▸ THE TASK
Nothing but the lines from the one containing "舒妃 SOFEI 9黑嚴損 護髮霜 800ml" through the last line of the material should appear in the answer, transcribed exactly, pictures excluded.

▸ DATA RECORDS
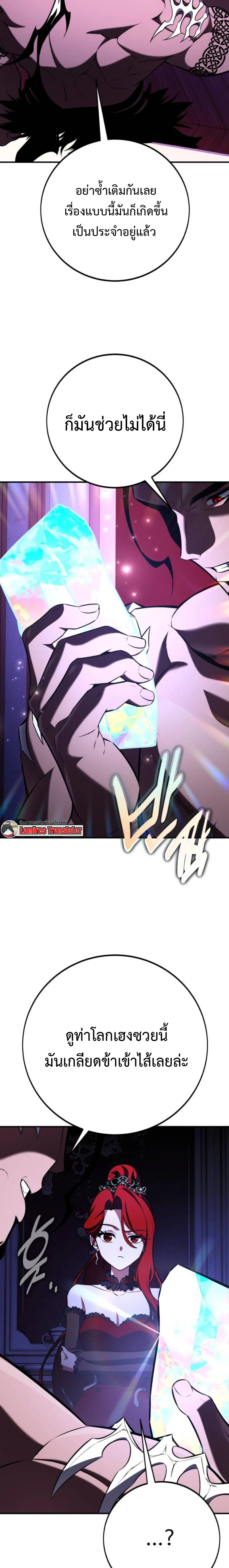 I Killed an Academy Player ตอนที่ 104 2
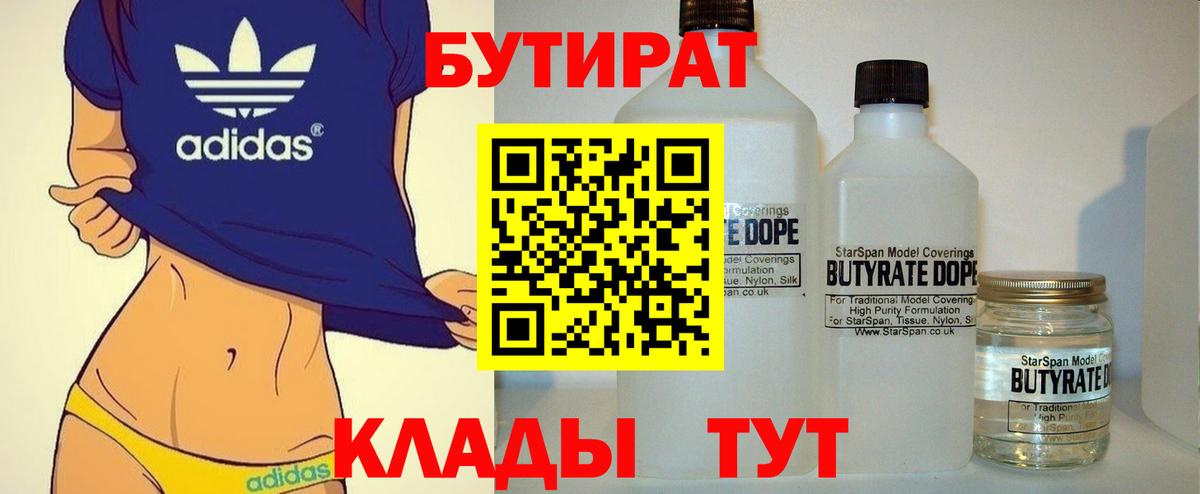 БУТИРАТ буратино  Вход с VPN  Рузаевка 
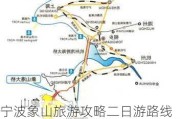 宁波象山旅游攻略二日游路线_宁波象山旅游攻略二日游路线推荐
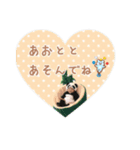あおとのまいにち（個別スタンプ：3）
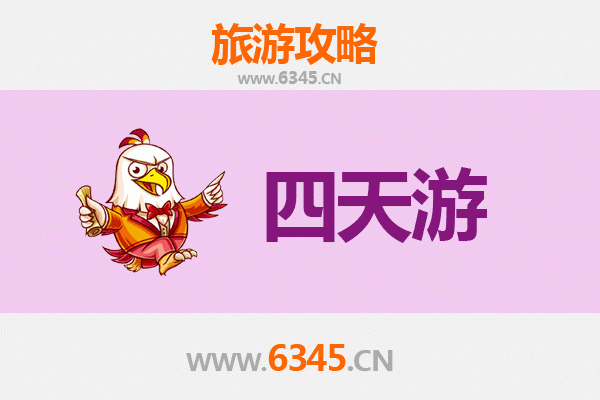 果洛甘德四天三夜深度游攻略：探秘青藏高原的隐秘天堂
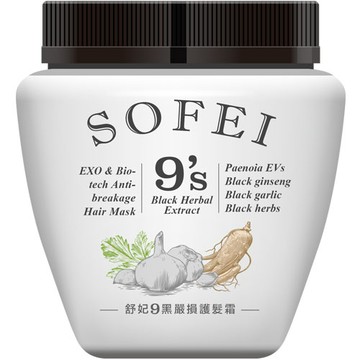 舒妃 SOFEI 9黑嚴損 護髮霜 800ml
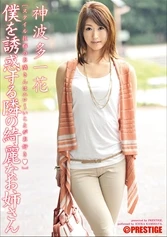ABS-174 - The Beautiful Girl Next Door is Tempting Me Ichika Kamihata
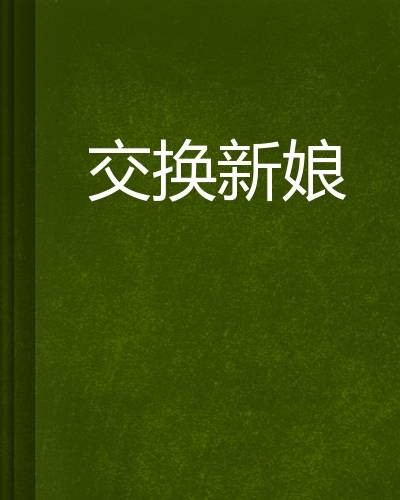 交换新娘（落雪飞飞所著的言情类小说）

▸ SOLUTION TO THIS TASK
 舒妃 SOFEI 9黑嚴損 護髮霜 800ml
ABS-174 - The Beautiful Girl Next Door is Tempting Me Ichika Kamihata
 交换新娘（落雪飞飞所著的言情类小说）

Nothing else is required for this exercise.